Begin your copy at the line holding "Дизайнерска холна маса" and end it at the last line of the listing. Keep every line exact and leave out the pictures.

#### [Source material]
----------------
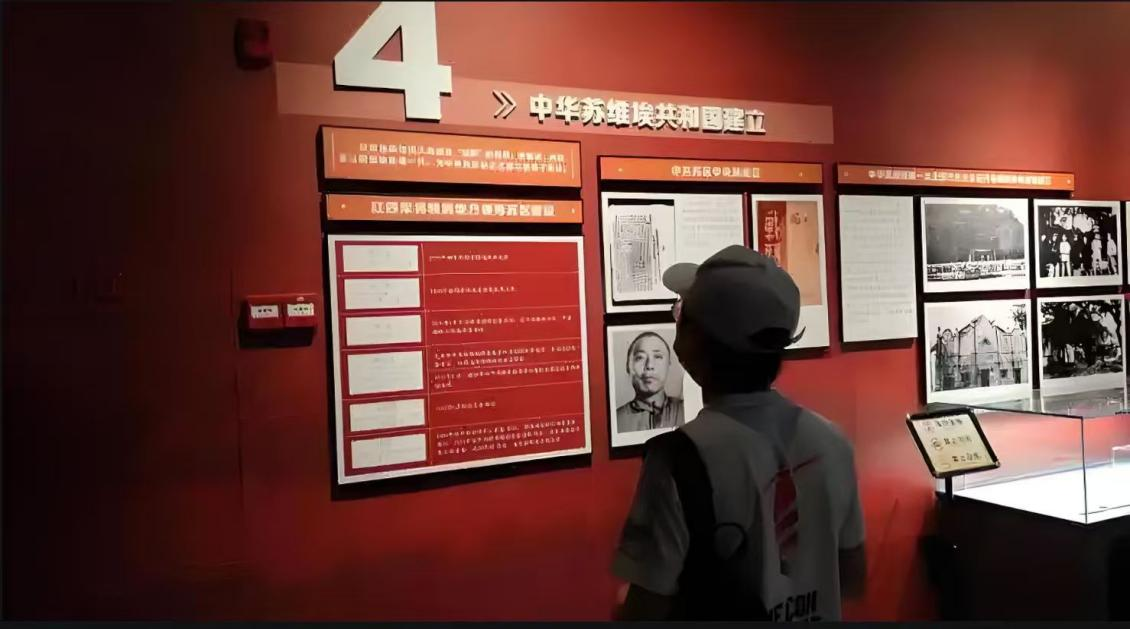 图为宋贺同学在阅读学习相关文献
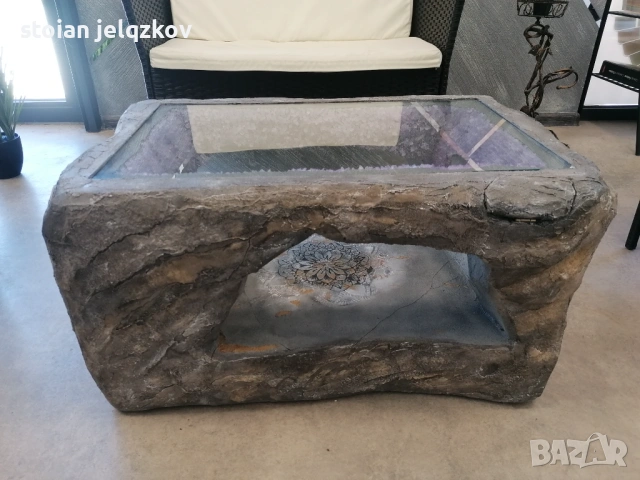 Дизайнерска холна маса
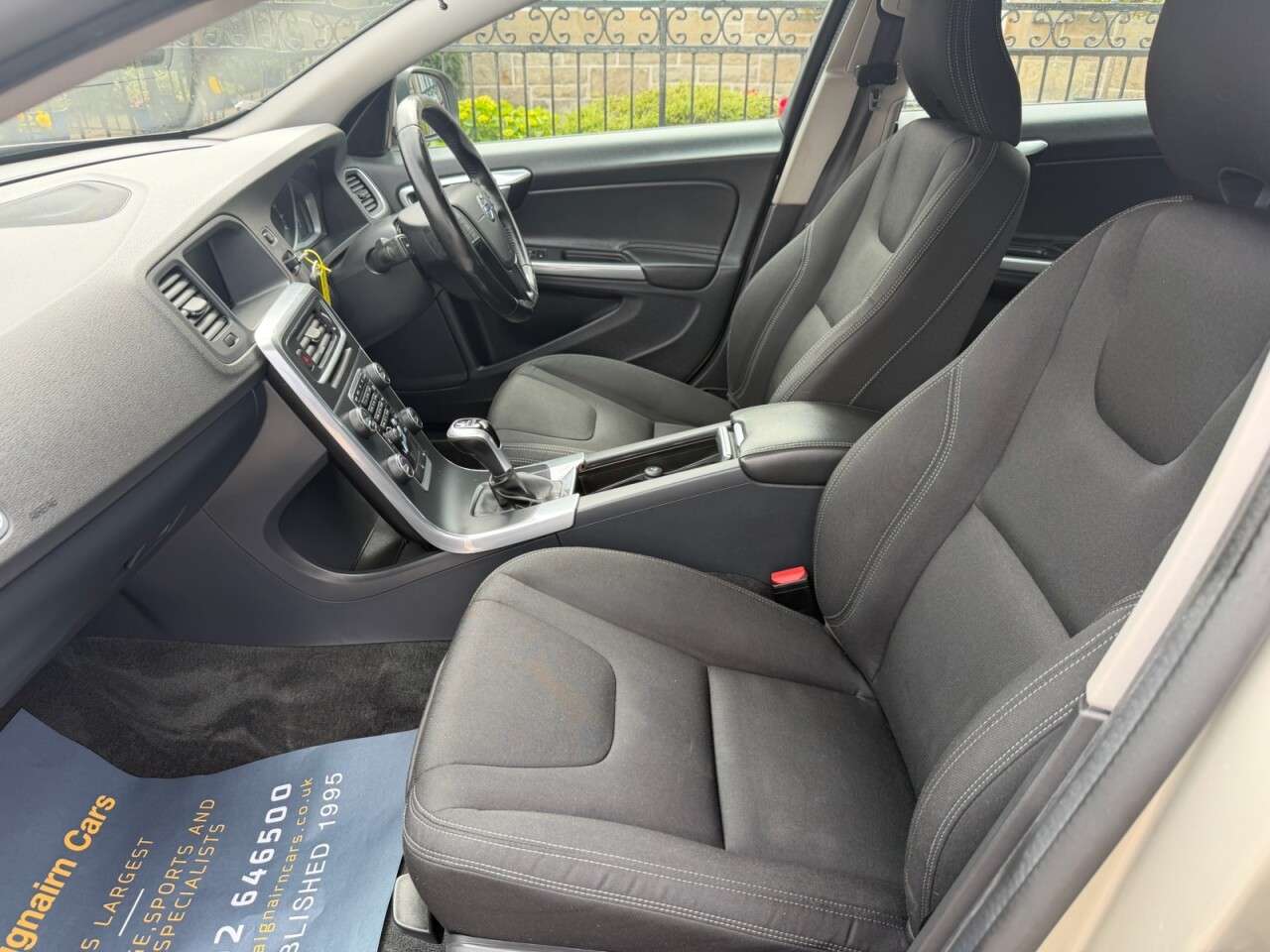 2016 VOLVO V60 2016 VOLVO V60
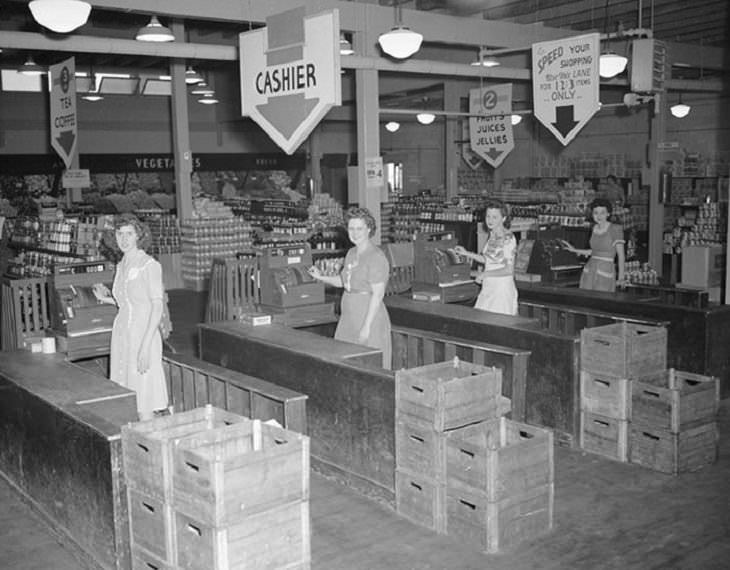 supermercados antiguos Supermercado Tulip Town en Oak Ridge, Tennessee, el 4 de julio de 1945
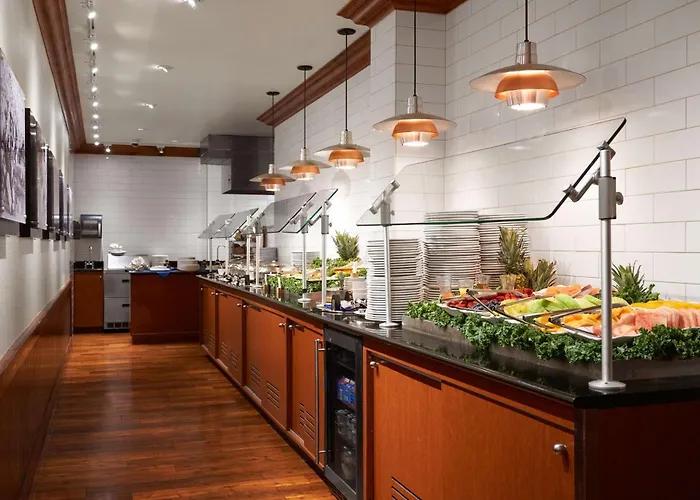 Resort: Doubletree By Hilton Hotel Dallas - Love Field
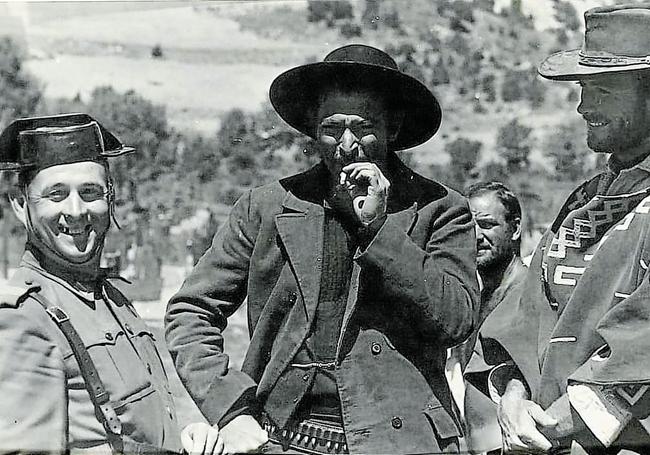 Der Gute, der Böse und der 'Picoleto'. Clint Eastwood, Lee Van Cleef und ein grinsender Guardia-Civil-Beamter während einer Drehpause.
----------------
#### [Exercise answer]
 Дизайнерска холна маса
 2016 VOLVO V60 2016 VOLVO V60
 supermercados antiguos Supermercado Tulip Town en Oak Ridge, Tennessee, el 4 de julio de 1945
 Resort: Doubletree By Hilton Hotel Dallas - Love Field
 Der Gute, der Böse und der 'Picoleto'. Clint Eastwood, Lee Van Cleef und ein grinsender Guardia-Civil-Beamter während einer Drehpause.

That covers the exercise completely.